Homme du soleil, Meursault vit par moments en total accord avec l’univers qui l’entoure : les paysages algériens, le climat méditerranéen comblent sa vie à chaque instant, instinctivement. Cette communion avec la nature est particulièrement remarquable dans les passages où le héros, en compagnie de Marie, dans le soleil, se baigne et jouit de sensations particulières : « Nous avons pris un autobus et nous sommes allés à quelques kilomètres d’Alger, sur une plage resserrée entre des rochers et bordée de roseaux du côté de la terre. Le soleil de quatre heures n’était pas trop chaud, mais l’eau était tiède, avec de petites vagues longues et paresseuses … Marie m’a rejoint alors et s’est collée à moi dans l’eau. Elle a mis sa bouche contre la mienne. Sa langue rafraîchissait mes lèvres et nous nous sommes roulés dans les vagues pendant un moment ». Première partie, chapitre IV.

Le soleil est ici bénéfique et participe, avec l’eau, à l’épanouissement sensuel de Meursault.

« Avec Marie, nous nous sommes éloignés et nous nous sentions d’accord dans nos gestes et dans notre contentement. Au large, nous avons fait la planche et sur mon visage tourné vers le ciel le soleil écartait les derniers voiles d’eau qui me coulaient dans la bouche ». Première partie, chapitre VI.

Homme des plaisirs de l’instant, Meursault ne se projette jamais dans l’avenir. Il vit au présent, jouissant de bonheurs instantanés, simples, naturels, les seuls dignes d’être vécus quand on vit avec le sentiment de sa finitude, quand on sait que la vie est tragique, absurde.
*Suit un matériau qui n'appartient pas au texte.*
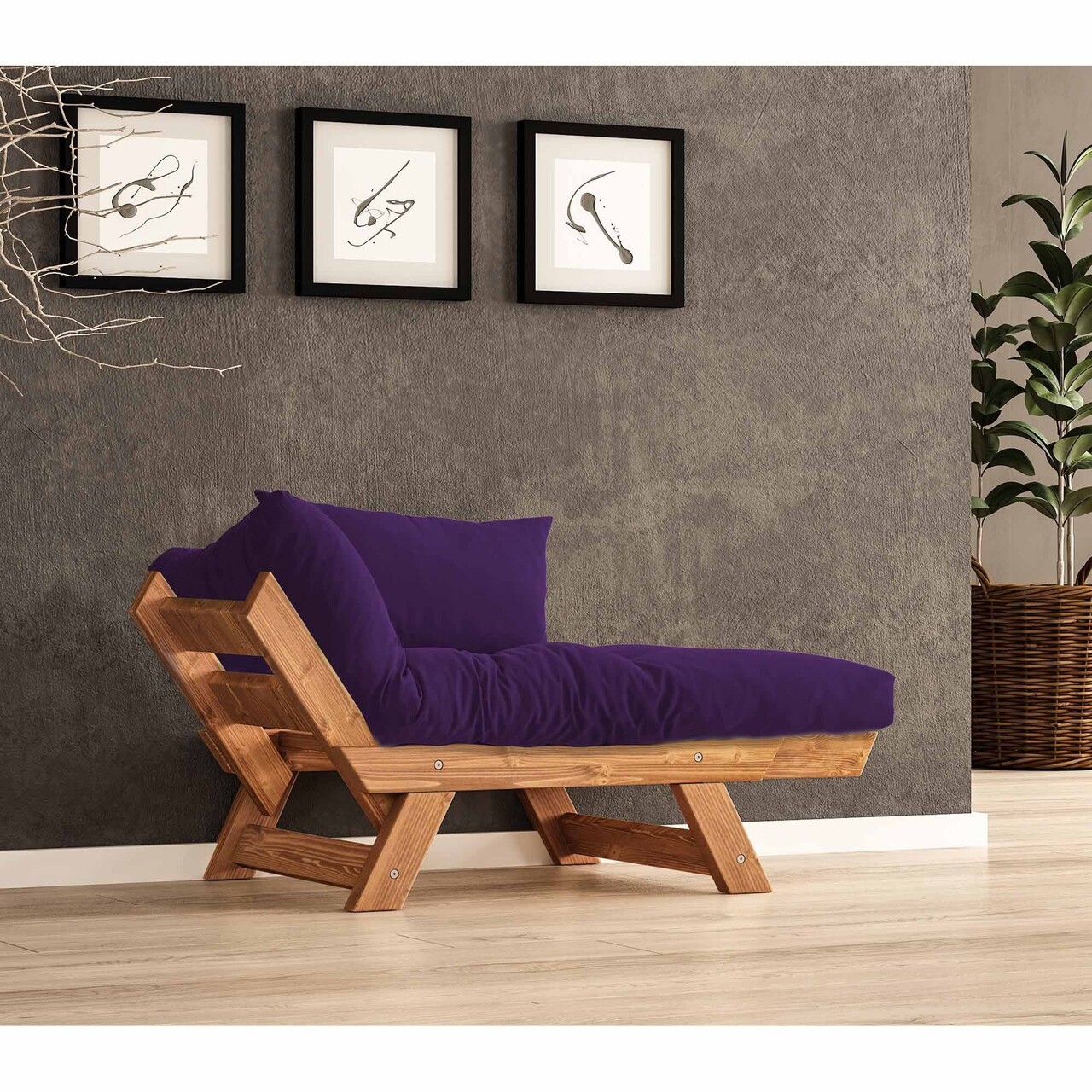 Fotoliu de gradina, Hanah Home, CPT8157-140, Tec / Mov - view 2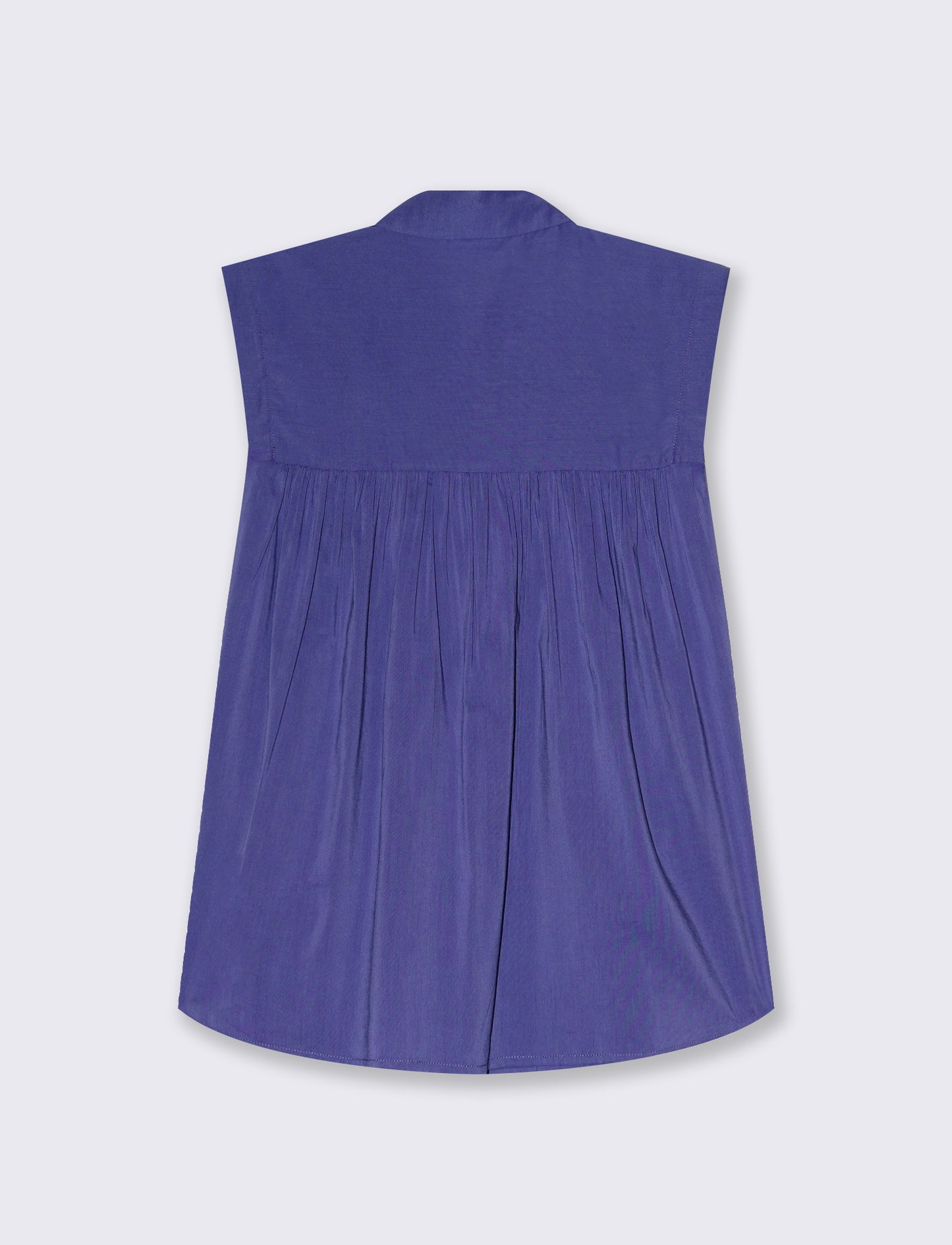 Camicia giro manica da donna - Mirtillo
On retrouve cette adhésion de l’homme avec le monde qui l’entoure dans un autre recueil de Camus qui s’intitule Noces, écrit en 1936, recueil dans lequel l’auteur célèbre le mariage heureux entre l’homme et la nature, mariage d’autant plus heureux que celui qui en jouit a parfaitement conscience que la seule issue est la mort : « Il n’y a qu’un seul amour dans ce monde. Etreindre un corps de femme, c’est aussi retenir contre soi cette joie étrange qui descend du ciel vers la mer. Tout à l’heure, quand je me jetterai dans les absinthes pour me faire entrer leur parfum dans le corps, j’aurai conscience, contre tous les préjugés, d’accomplir une vérité qui est celle du soleil et sera aussi celle de ma mort ». Noces à Tipasa.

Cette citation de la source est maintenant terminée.